Information shown →
*** Begin section ***
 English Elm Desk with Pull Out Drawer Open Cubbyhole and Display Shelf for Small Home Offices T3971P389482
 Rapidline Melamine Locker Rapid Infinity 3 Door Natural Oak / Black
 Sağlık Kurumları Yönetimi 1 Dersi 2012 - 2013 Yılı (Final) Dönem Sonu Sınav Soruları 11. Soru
*** End section ***
*** Begin section ***
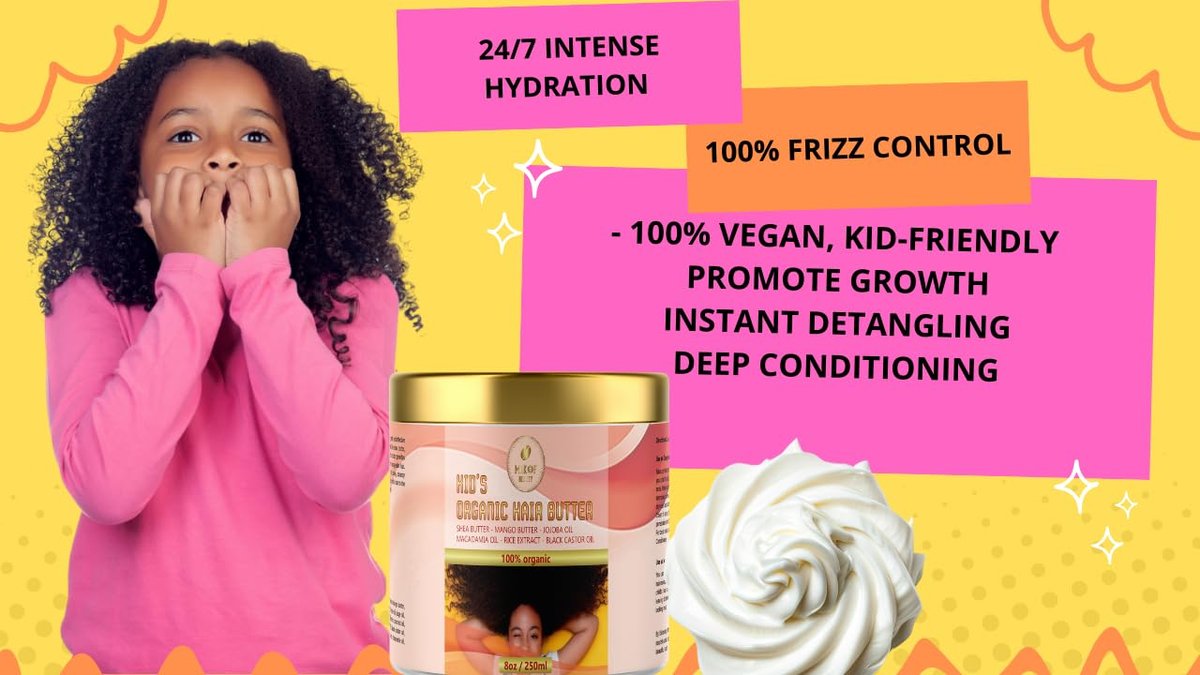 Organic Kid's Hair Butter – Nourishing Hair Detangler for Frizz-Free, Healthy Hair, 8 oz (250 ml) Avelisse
*** End section ***
Task description → In the entries above, find the line with "English Elm Desk" and the line with "Sağlık Kurumları Yönetimi", then set down exactly those two and every line between them, nothing else.

Exercise response →
 English Elm Desk with Pull Out Drawer Open Cubbyhole and Display Shelf for Small Home Offices T3971P389482
 Rapidline Melamine Locker Rapid Infinity 3 Door Natural Oak / Black
 Sağlık Kurumları Yönetimi 1 Dersi 2012 - 2013 Yılı (Final) Dönem Sonu Sınav Soruları 11. Soru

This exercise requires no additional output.